Here’s another very important piece from Chicago Federal Reserve President Charles Evans, who alone among Fed insiders is out there beating the drums for additional monetary stimulus.
There’s nothing brand new here in terms of ideas, but the point he’s trying to make is very simple. The Federal Reserve system has an obligation to not sit idly by and let the country endure years of mass unemployment. Evans breaks new ground in accurately analogizing the current crisis of macroeconomic management to the policy failures of the 1930s and 1970s. One of my key themes in my Democracy article on the Federal Reserve is that we’ve lost sight of this basic idea of public accountability. In 1929-33, we had a massive failure of monetary policy, and then we had a new policy regime that took us off the gold standard. In the 1970s, we had a massive failure of monetary policy, and then we had a new policy regime focused on “independence” and inflation-fighting. Now we’re watching another massive failure, and Ben Bernanke got re-nominated for a second term and Time made him person of the year.

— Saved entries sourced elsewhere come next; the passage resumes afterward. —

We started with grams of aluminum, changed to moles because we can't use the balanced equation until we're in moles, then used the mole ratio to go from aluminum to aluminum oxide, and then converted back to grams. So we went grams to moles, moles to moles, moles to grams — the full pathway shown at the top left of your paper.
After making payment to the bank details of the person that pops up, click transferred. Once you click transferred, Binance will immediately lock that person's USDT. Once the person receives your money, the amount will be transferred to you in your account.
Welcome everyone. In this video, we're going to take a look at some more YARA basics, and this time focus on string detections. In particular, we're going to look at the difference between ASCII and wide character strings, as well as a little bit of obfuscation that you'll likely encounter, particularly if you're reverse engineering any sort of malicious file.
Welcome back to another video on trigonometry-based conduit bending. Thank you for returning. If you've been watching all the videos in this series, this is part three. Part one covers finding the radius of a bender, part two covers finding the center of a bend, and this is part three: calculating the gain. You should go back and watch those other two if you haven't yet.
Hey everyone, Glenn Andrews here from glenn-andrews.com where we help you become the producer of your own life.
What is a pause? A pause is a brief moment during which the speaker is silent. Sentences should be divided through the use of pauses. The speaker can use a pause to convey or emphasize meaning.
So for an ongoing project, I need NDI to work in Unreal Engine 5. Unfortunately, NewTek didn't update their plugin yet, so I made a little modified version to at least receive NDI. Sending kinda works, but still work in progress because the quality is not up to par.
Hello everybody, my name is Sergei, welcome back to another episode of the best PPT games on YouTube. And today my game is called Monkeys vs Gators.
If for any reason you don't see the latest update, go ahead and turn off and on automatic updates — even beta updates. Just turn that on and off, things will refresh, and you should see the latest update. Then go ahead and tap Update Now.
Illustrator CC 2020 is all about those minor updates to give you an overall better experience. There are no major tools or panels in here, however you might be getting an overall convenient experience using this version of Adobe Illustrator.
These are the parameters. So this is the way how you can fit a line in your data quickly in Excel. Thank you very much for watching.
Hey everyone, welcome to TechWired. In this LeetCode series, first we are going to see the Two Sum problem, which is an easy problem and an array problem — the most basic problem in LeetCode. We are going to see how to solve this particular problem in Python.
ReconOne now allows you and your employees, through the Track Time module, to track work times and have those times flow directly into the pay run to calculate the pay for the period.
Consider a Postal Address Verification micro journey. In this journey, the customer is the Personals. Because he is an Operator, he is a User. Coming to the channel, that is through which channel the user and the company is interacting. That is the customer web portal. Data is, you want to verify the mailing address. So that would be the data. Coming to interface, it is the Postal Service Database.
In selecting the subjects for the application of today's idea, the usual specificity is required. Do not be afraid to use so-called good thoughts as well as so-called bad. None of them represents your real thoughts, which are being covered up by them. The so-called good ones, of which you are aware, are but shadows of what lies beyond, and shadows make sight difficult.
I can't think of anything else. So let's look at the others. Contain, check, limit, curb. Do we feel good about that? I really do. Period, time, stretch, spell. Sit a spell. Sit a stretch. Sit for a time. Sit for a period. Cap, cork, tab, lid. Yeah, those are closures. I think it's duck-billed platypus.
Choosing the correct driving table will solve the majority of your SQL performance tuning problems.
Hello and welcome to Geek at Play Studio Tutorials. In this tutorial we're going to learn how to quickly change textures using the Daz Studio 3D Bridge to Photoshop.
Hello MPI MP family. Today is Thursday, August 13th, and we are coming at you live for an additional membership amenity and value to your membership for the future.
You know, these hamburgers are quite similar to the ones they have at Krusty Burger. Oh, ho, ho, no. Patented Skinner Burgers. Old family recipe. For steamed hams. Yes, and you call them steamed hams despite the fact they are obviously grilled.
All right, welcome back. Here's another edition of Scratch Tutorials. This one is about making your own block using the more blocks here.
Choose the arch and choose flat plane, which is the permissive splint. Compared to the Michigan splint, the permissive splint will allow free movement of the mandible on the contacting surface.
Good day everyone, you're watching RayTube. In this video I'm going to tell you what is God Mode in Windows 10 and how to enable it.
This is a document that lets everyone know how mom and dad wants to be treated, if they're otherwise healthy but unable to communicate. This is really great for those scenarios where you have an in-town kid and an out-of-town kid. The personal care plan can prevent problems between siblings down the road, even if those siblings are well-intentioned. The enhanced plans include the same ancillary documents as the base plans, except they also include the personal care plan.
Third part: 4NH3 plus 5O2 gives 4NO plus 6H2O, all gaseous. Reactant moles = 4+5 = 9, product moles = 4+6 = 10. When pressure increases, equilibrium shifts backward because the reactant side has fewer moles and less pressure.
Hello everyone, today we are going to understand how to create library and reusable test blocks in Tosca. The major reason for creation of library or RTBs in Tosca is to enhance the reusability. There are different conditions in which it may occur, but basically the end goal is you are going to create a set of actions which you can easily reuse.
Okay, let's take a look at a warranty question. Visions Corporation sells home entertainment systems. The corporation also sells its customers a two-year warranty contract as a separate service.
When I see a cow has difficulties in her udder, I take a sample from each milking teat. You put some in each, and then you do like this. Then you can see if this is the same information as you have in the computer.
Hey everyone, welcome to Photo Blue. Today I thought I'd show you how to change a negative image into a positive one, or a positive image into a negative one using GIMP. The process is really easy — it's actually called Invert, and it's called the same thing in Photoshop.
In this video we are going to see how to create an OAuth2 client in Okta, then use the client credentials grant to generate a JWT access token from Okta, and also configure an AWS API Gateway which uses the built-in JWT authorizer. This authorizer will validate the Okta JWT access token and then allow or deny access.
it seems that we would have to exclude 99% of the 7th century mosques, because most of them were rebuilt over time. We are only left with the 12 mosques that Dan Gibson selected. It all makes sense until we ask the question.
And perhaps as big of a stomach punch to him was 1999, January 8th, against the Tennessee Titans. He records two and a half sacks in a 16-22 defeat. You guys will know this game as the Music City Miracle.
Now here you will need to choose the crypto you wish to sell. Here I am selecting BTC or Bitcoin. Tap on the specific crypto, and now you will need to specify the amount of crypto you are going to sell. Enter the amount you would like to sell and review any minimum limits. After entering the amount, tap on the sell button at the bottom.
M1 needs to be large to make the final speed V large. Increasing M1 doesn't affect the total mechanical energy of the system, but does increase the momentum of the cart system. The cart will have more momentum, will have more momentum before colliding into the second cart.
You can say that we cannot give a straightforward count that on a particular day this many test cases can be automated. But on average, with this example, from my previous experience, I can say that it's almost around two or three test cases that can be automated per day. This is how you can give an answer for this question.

But I think anyone sitting in the offices of the Federal Reserve system needs to take note of the rising chorus of dissatisfaction around the country with the state of things. They need to take note and they need to make a choice. One option is to pay attention to the fact that many of the members of the chorus are hard money cranks and get paralyzed. Another option is to note that the chorus exists because the Fed is failing, and that people would stop complaining if they started succeeding. That means listening not to cranks, but to the leading experts in the field who almost universally agree that the central bank can and must increase real output by increasing nominal expectations.